In 1913, when Peter was three, he had been brought by his parents back to meet his grandfather, across Siberia by train. He recalled the journey, and also the old man; he recalled the steep stairs to the flay above the silversmith’s shop in Holmeside in Sunderland. Although he was three on the way there, his fourth birthday occurred on the journey back to Tientsin, but he was forbidden by his parents from mentioning it – because children aged four did not travel free. All his life he recalled arriving at the station in China, alighting, and stamping his foot on the platform, announcing, ‘Well, I’m four NOW.’

Meeting someone of my father’s father’s generation – some 25 years after my grandfather had died, and 7 years after my father’s death – was astonishing: not least because Peter was a radical thinker, with a very impish sense of humour. One of the nicest nights of my life occurred when he invited me to be the guest speaker at the Quaker reading group to which he belonged in Birmingham. I agreed, as long as he didn’t say anything about my subject, which was the strange business of tracing your relatives (family history was then comparatively speaking in its infancy). The reason to swear him to silence was that he was my punchline. I left his line till last, and feigned astonishment and bewilderment at the complexity of a family I had traced, i.e. his. And then I let his name out of the bag. It was a talk which went well, and I can still see him smiling with barely suppressed glee as I unmasked him as the biggest fish in my family net.

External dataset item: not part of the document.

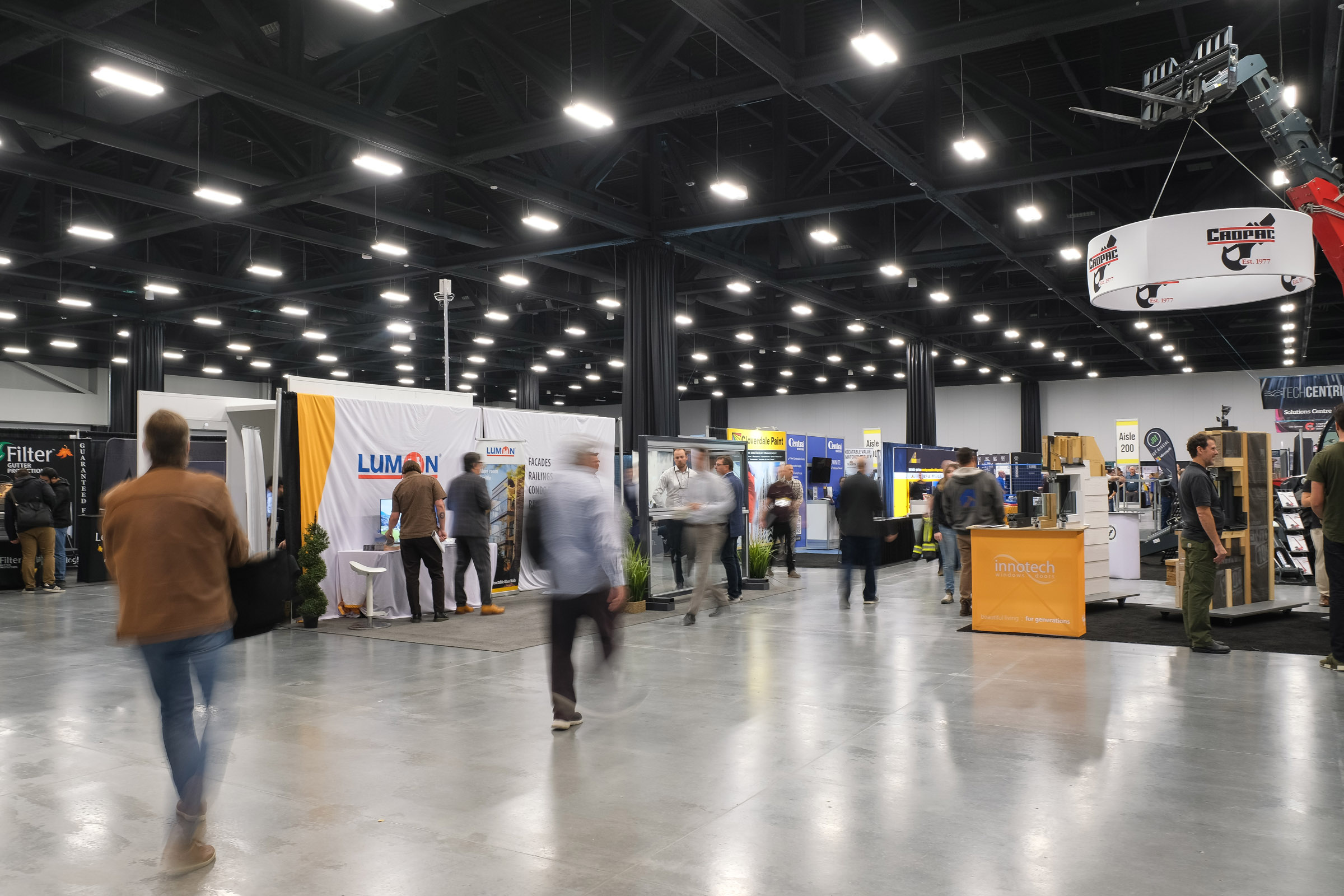 attendees and booths on the BUILDEX trade show floor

He wrote pages and pages of letters to me throughout the nineties and beyond, letters which I treasure – letters brimming with news, with condolence, with friendship, with vitality. It was like finding the grandfather you never had and wished you had always had – without any of the attendant issues of being actually related. A second cousin twice removed is at the outer limit of what most people might think of as family.

The main thing is: he was quite the nicest person I’ve ever met, and although it is absurd, I am kicking myself that I missed writing about his hundredth-that-never-was, on the due date.

So here, a day late, is a toast to Bleriot, and, more importantly, to Peter, who died in 2006. He was a remarkable man: from the days before recorded popular music was freely available, although he startled me once in about 2003, by suddenly singing the entire ‘Prune Song’ which was a success for a singer called Frank Crumit in the 1920s:

Every day in every way
The world is getting better
We’ve even learned to fly
As days go passing by
But how about the poor old prune
His life is only wetter
No wonder he can’t win
In the awful stew he’s in
No matter how young a prune may be
He’s always full of wrinkles
We may get them on our face
Prunes get ’em every place
Nothing ever worries them
Their life’s an open book
But no matter how young a prune may be
It has a worried look

At the end of the song (of which this is only an extract), he sat back and cracked the best grin I’ve ever seen. R.I.P. And isn’t this a great photo?